◆ TASK
When you reach the line below that has "Foto - Grundst&uuml;ck zur Miete in Cottbus", start returning lines exactly, and stop after the line that has "Interrogatories to and"; skip the pictures.

◆ DATASET EXCERPTS
# # # # # # #
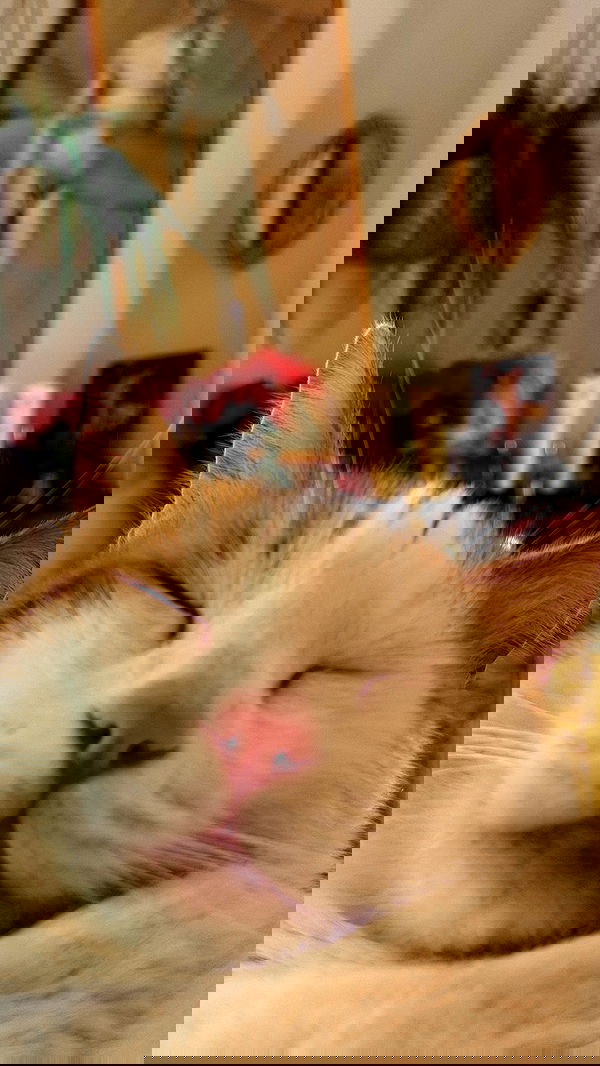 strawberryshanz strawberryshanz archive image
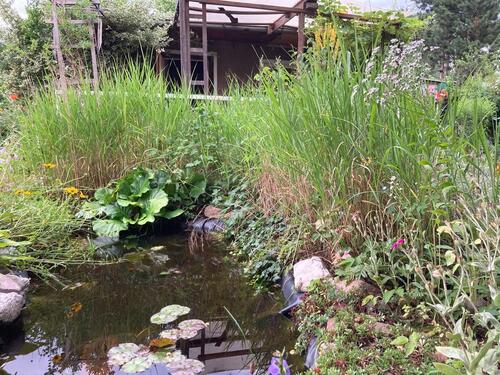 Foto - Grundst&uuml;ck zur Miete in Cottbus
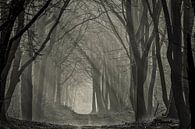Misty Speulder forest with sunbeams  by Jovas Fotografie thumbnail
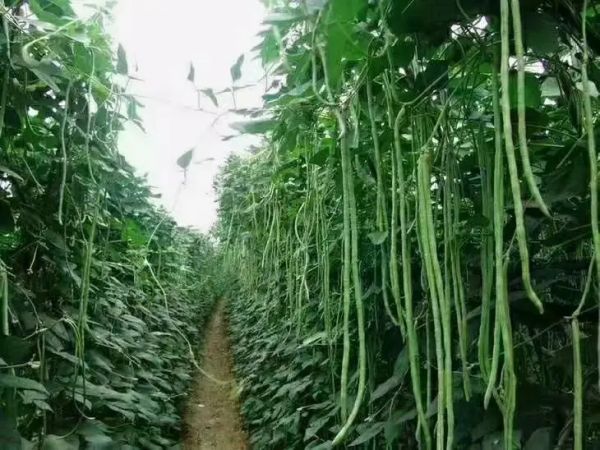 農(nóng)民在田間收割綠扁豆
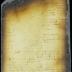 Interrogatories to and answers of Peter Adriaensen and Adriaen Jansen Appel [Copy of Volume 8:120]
# # # # # # #
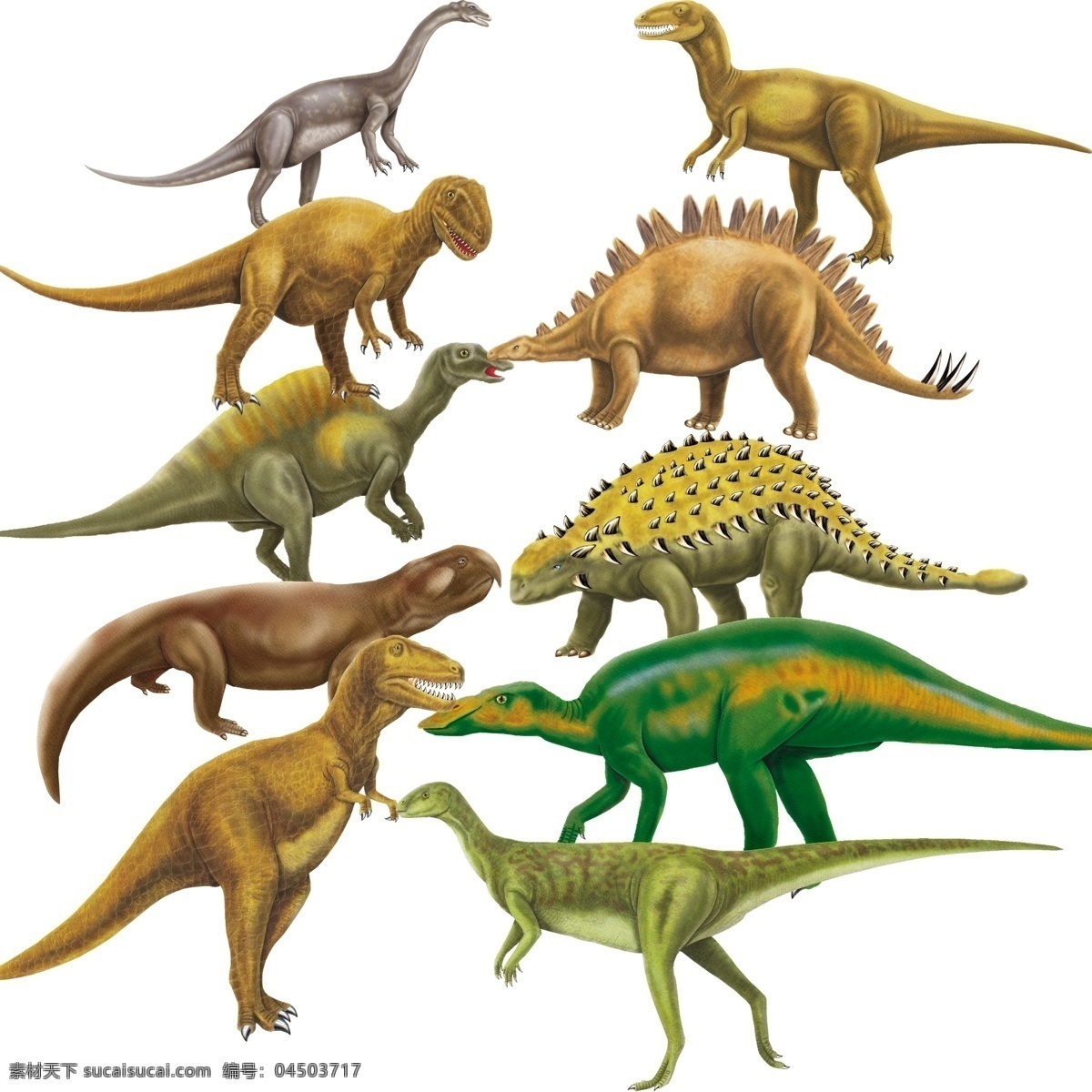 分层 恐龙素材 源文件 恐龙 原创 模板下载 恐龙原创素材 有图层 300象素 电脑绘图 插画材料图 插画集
# # # # # # #
◆ SOLUTION FOR THIS EXERCISE
 Foto - Grundst&uuml;ck zur Miete in Cottbus
Misty Speulder forest with sunbeams  by Jovas Fotografie thumbnail
 農(nóng)民在田間收割綠扁豆
 Interrogatories to and answers of Peter Adriaensen and Adriaen Jansen Appel [Copy of Volume 8:120]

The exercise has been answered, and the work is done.